** Supplied material follows **

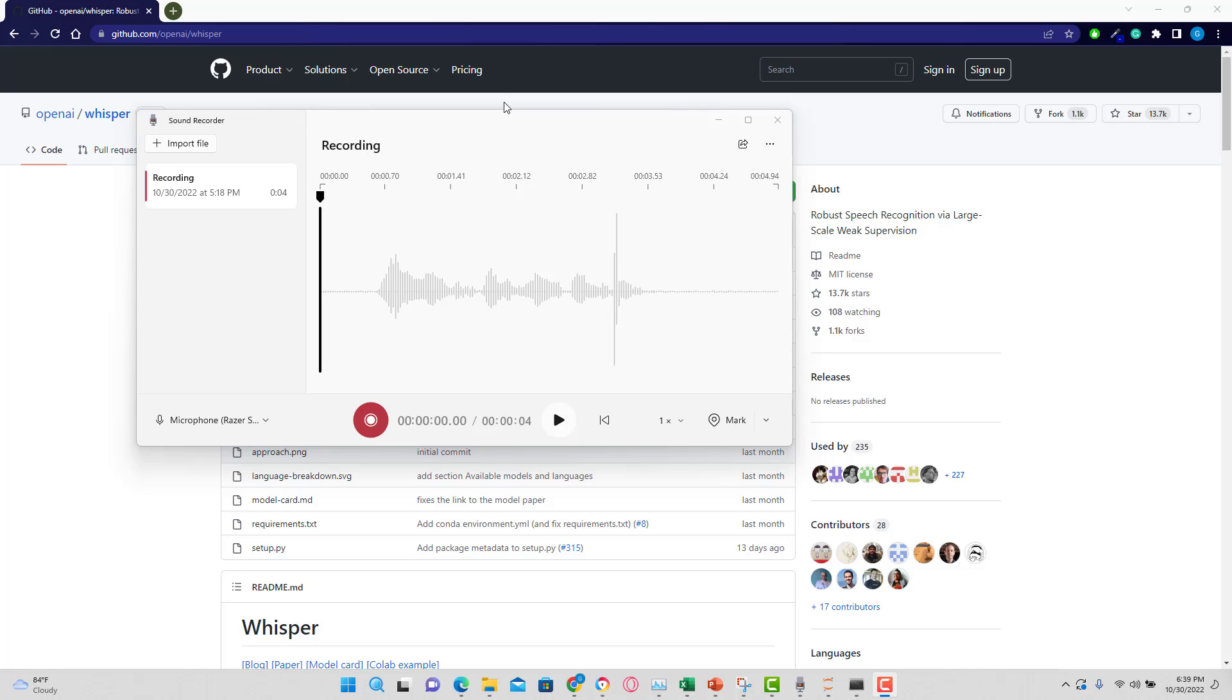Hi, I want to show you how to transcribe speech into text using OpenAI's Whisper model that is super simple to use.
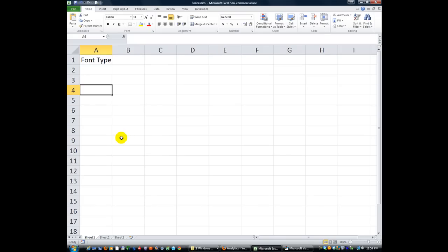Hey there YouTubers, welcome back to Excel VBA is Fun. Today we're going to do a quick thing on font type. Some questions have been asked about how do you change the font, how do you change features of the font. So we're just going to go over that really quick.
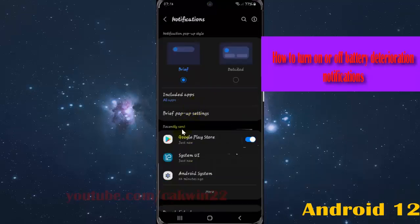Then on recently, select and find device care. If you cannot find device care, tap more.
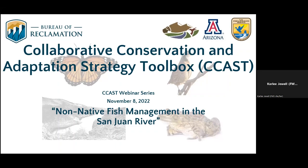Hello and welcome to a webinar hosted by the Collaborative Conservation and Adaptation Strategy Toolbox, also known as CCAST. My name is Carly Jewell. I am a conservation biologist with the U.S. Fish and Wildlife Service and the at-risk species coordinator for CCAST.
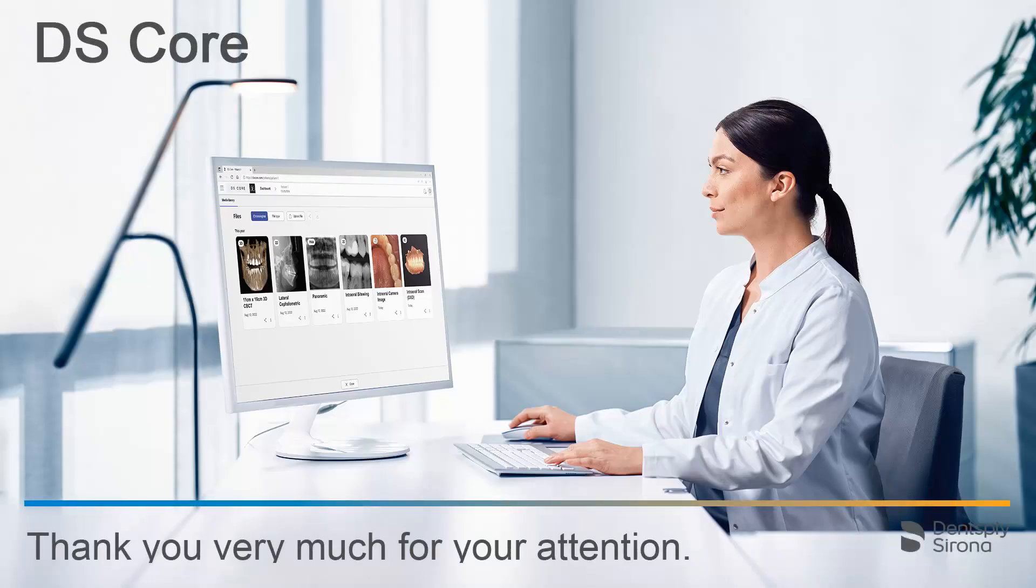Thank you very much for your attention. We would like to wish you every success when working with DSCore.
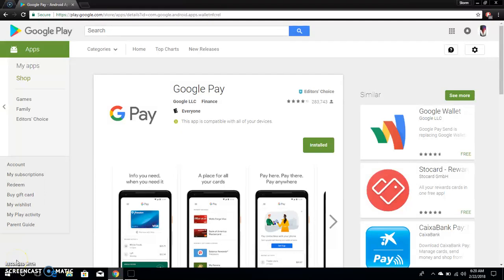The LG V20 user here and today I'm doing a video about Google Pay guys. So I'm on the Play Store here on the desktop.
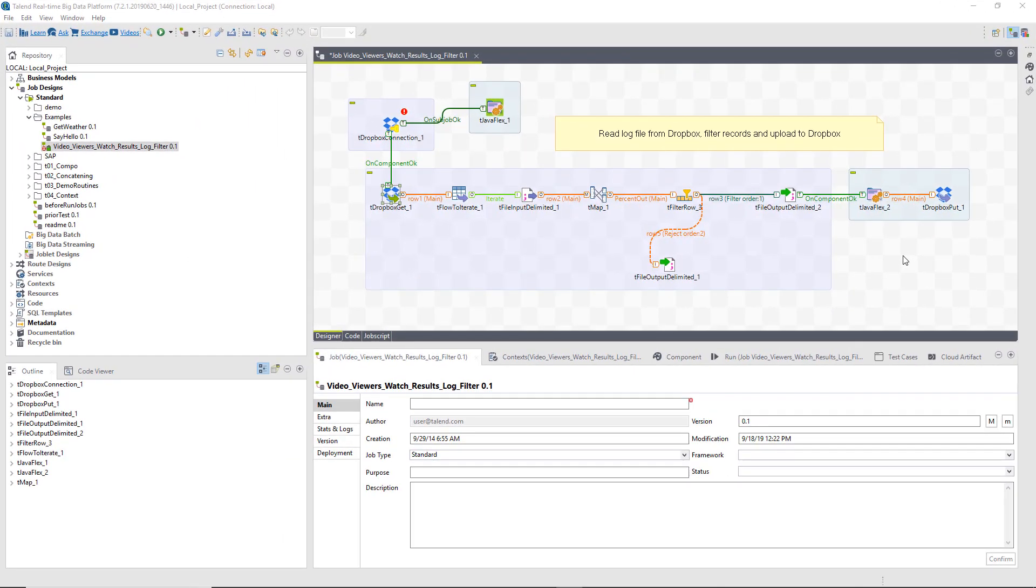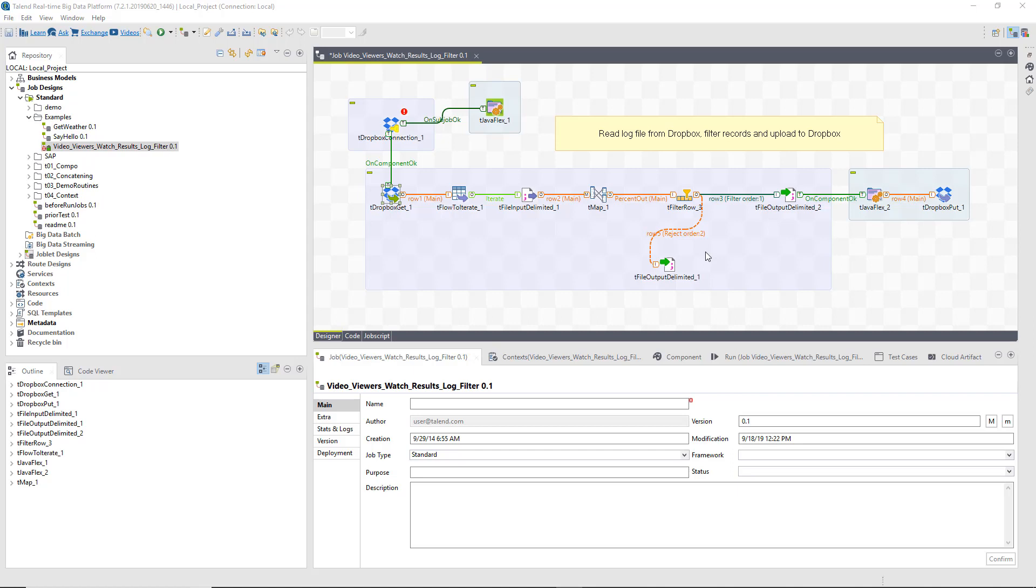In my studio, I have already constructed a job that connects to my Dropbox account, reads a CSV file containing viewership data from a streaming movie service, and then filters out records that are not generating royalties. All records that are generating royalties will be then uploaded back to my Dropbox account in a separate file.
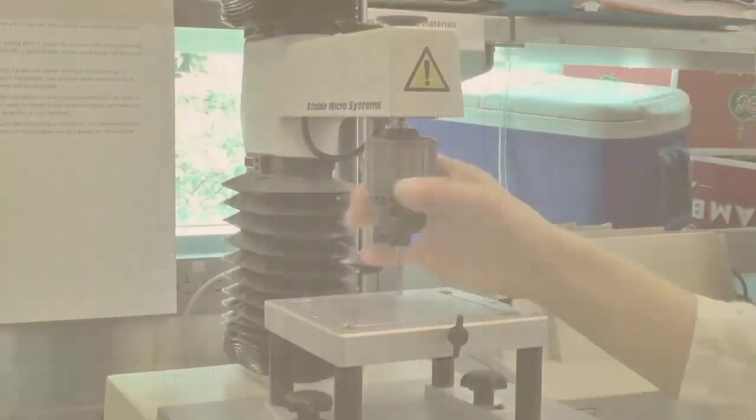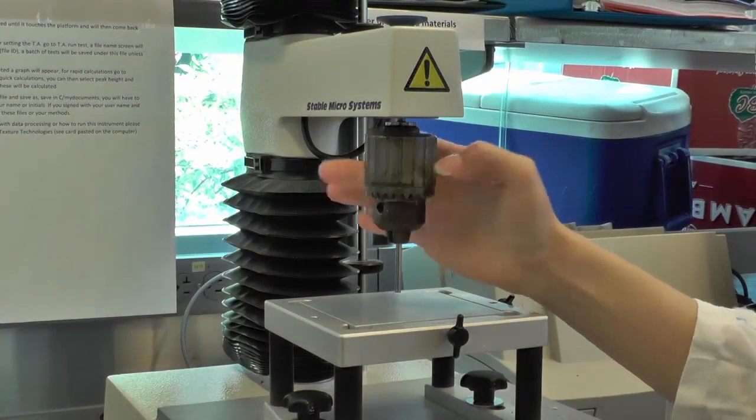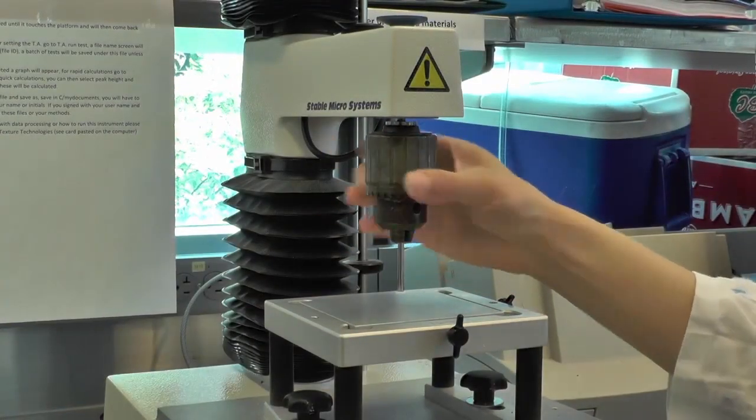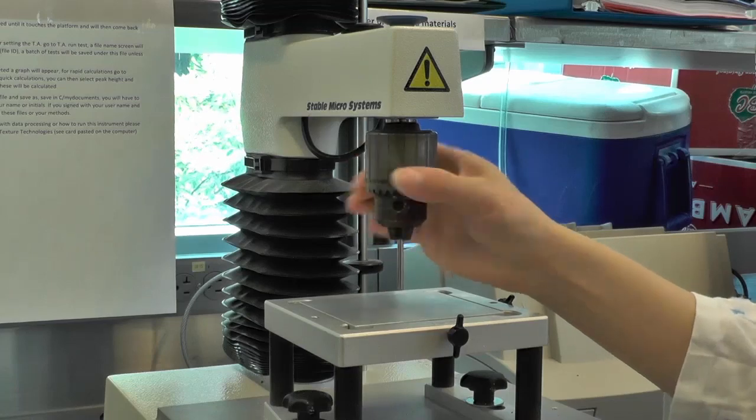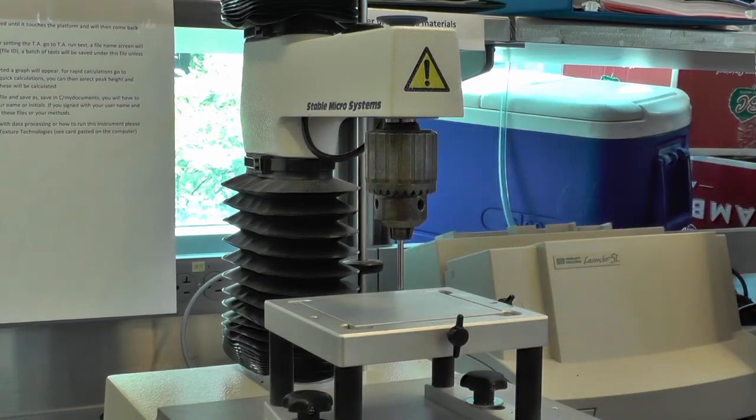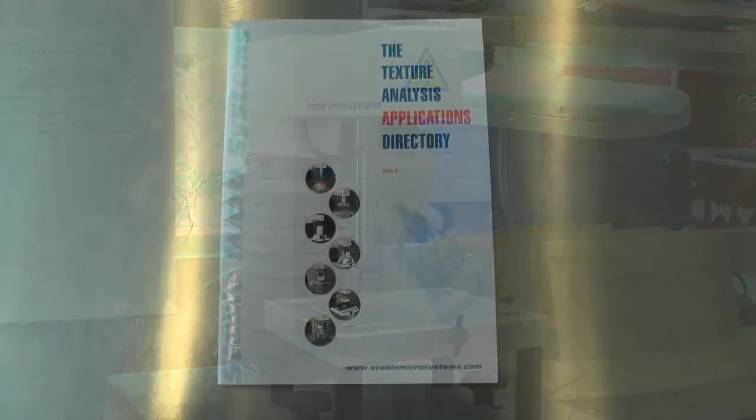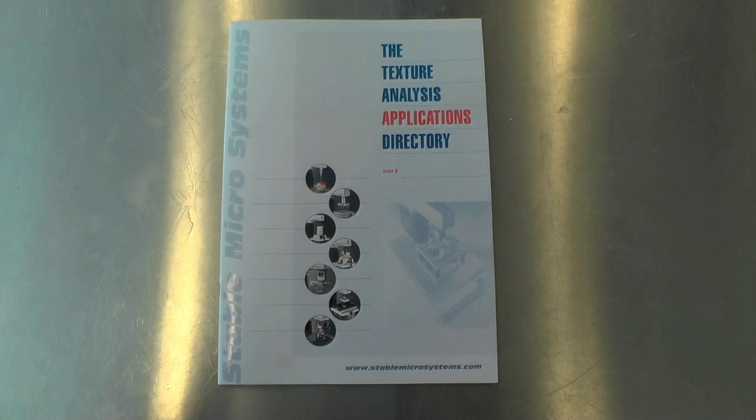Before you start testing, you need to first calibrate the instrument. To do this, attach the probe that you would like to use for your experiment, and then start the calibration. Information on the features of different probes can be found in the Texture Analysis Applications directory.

** End of Supplied material **

**Work request:** From the first line to the last, repeat the entries exactly and leave out the pictures.

**Exercise response:**
Hi, I want to show you how to transcribe speech into text using OpenAI's Whisper model that is super simple to use.
Hey there YouTubers, welcome back to Excel VBA is Fun. Today we're going to do a quick thing on font type. Some questions have been asked about how do you change the font, how do you change features of the font. So we're just going to go over that really quick.
Then on recently, select and find device care. If you cannot find device care, tap more.
Hello and welcome to a webinar hosted by the Collaborative Conservation and Adaptation Strategy Toolbox, also known as CCAST. My name is Carly Jewell. I am a conservation biologist with the U.S. Fish and Wildlife Service and the at-risk species coordinator for CCAST.
Thank you very much for your attention. We would like to wish you every success when working with DSCore.
The LG V20 user here and today I'm doing a video about Google Pay guys. So I'm on the Play Store here on the desktop.
In my studio, I have already constructed a job that connects to my Dropbox account, reads a CSV file containing viewership data from a streaming movie service, and then filters out records that are not generating royalties. All records that are generating royalties will be then uploaded back to my Dropbox account in a separate file.
Before you start testing, you need to first calibrate the instrument. To do this, attach the probe that you would like to use for your experiment, and then start the calibration. Information on the features of different probes can be found in the Texture Analysis Applications directory.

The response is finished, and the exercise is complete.